**Brief**
Retype, exactly and with both ends included, the lines below from the one containing "Antique sterling silver" through the end; omit the pictures.

**Raw data**
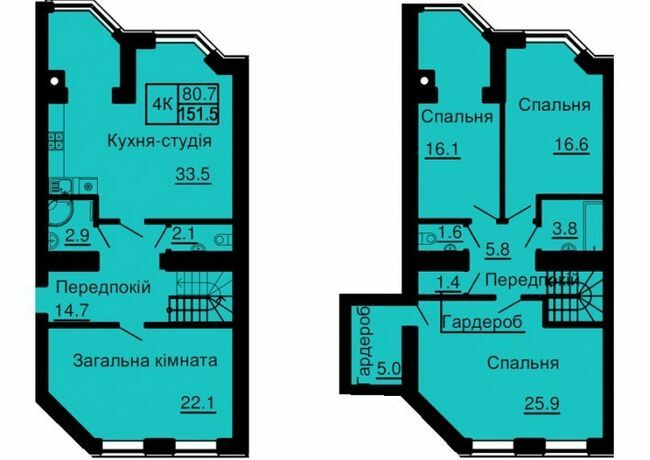Двухуровневая 151.5 м² в ЖК Sofia Nova от 35 000 грн/м², с. Новоселки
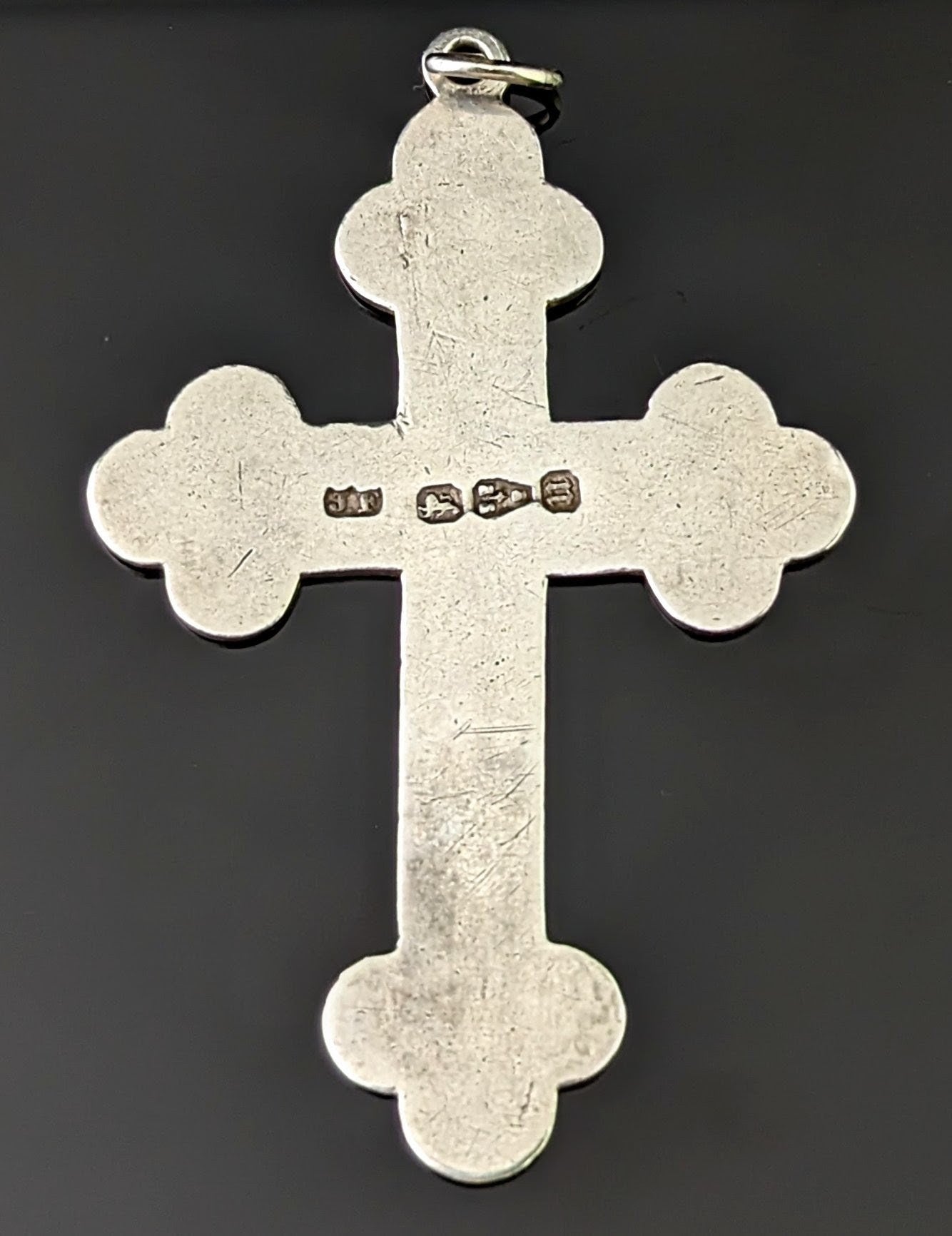 Antique sterling silver cross pendant, Victorian
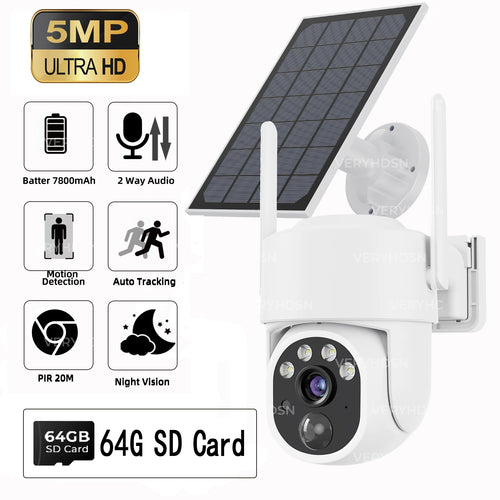 5MP PTZ Solar Power IP WiFi Camera Zoom 8000mAh Builtin Battery
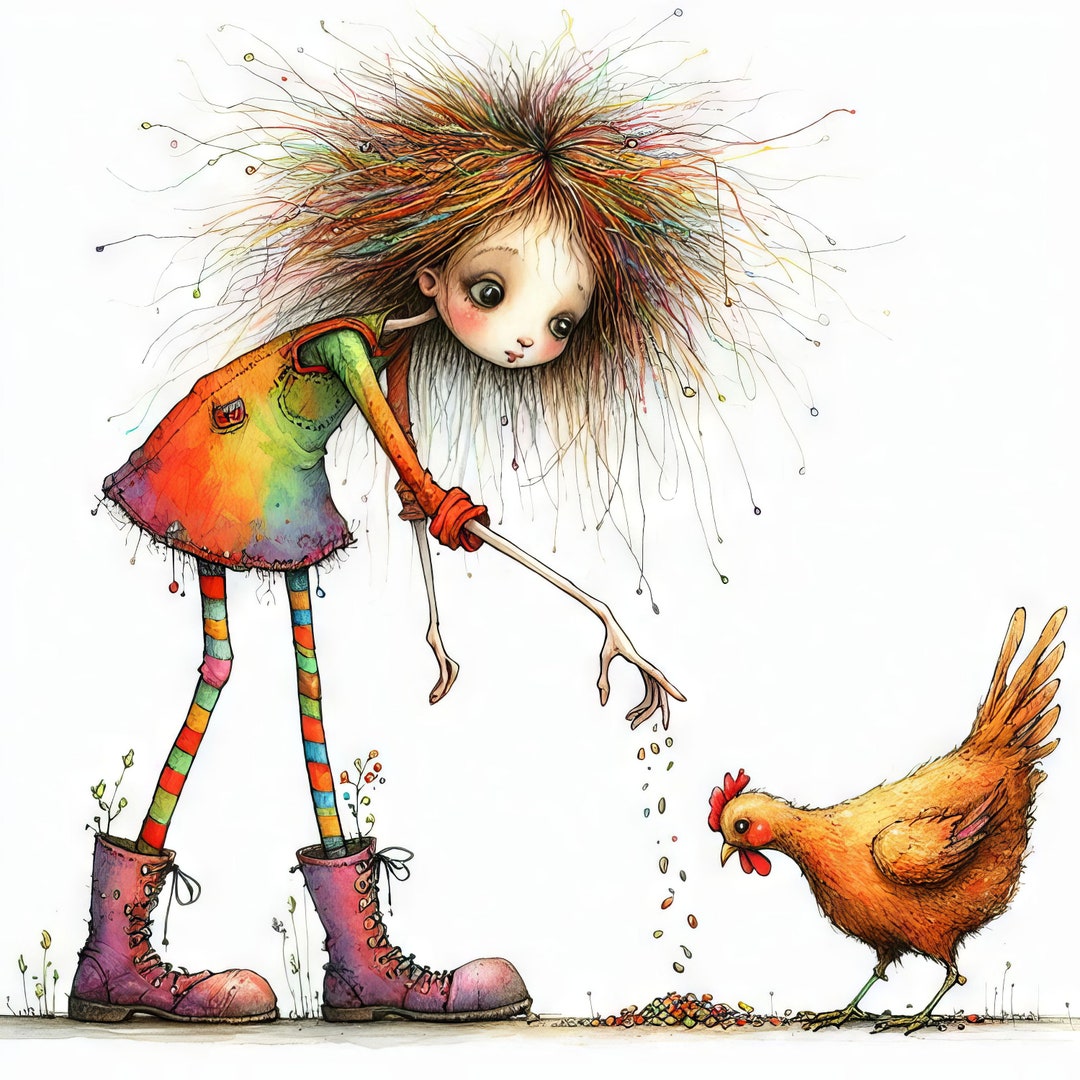 Quirky Chicken Feed: Clip Art, 10 High Res Watercolor Jpgs, Junk ...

**Written solution**
 Antique sterling silver cross pendant, Victorian
 5MP PTZ Solar Power IP WiFi Camera Zoom 8000mAh Builtin Battery
 Quirky Chicken Feed: Clip Art, 10 High Res Watercolor Jpgs, Junk ...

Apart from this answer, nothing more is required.